I’ll take bureaucratic politics for $300, Alex

Brad DeLong is puzzled by something: Those of us who worked in the Clinton Treasury have been amazed at the remarkable loss of the U.S. Treasury’s power within the U.S. government that took place on January 21, 2001. The Treasury’s staff resources–both quantity and quality–are enormous. Its institutional memory is deep. Its links with its ...

By , a professor of international politics at the Fletcher School of Law and Diplomacy at Tufts University and co-host of the Space the Nation podcast.

Brad DeLong is puzzled by something:

Those of us who worked in the Clinton Treasury have been amazed at the remarkable loss of the U.S. Treasury’s power within the U.S. government that took place on January 21, 2001. The Treasury’s staff resources–both quantity and quality–are enormous. Its institutional memory is deep. Its links with its counterparts in other countries are strong. And it is not as though there was anyone in the Bush White House with both significant power and strong views on what economic policy should be. Thus we have been very surprised at the inability of the Bush Treasury to make its mark–either in domestic or in international economic policy.

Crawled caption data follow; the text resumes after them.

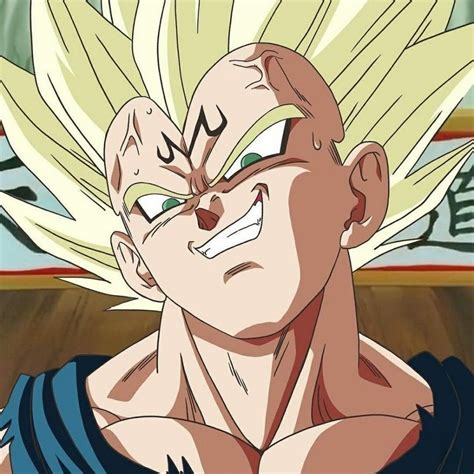 Vegeta sonriendo dentro del Comméson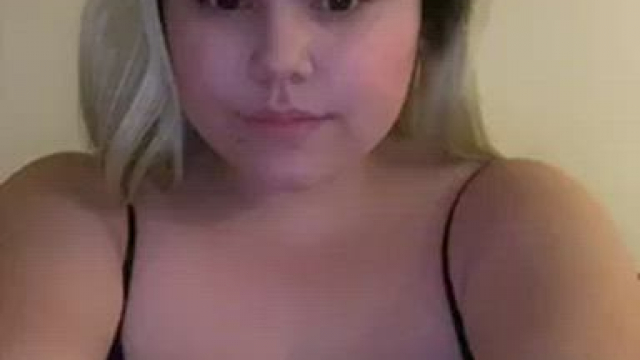 Something sweet to wake up to every morning <3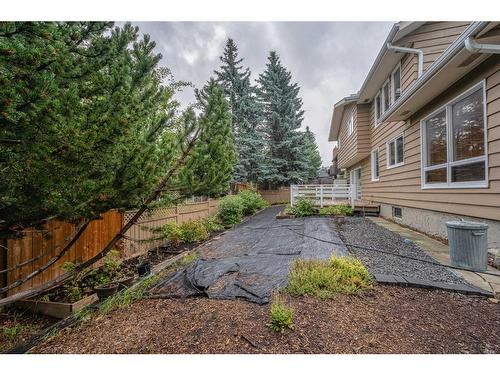 11 Edgehill Bay Nw, Calgary, AB - Outdoor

Brad then offers some explanations — none of which flatter to the Bush White House. Having been at Treasury during the transition, and having ruminated about this question, Brad’s stacking the deck here. Focusing on international economic policy, what’s striking about the second Clinton term is how much of an outlier it looks compared to what took place before and since. This wasn’t only because of the strength of the Treasury team, but also a) the extent to which foreign economic policy impacted national security issues; and b) the relative weakness of Clinton’s national security team. Part of the reason Rubin/Summers were heavyweights was how they looked in comparison to Allbright, Berger et al. In December 2001, David Sanger wrote a lengthy New York Times retrospective on Clinton’s foreign policy in which one State Department official admitted, “The State Department was simply not equipped to handle the new [foreign policy] challenges, so it stuck to the traditional ones.” Fast-forwarding to the Bush team, a spate of stories came out pre-9/11 in which Powell, Rice, and Rumsfeld all said we’re going to take back some slices of the foreign policy pie from Treasury. Combine that with:

a) A Treasury Secretary who had no, repeat, no grasp of the international dimensions of his job — or any grasp of executive branch politics, for that matter; b) A national security team well-versed in the bureaucratic dark arts and with closer personal ties to Bush; and c) 9/11

It’s not that shocking to see Treasury’s relative influence waning.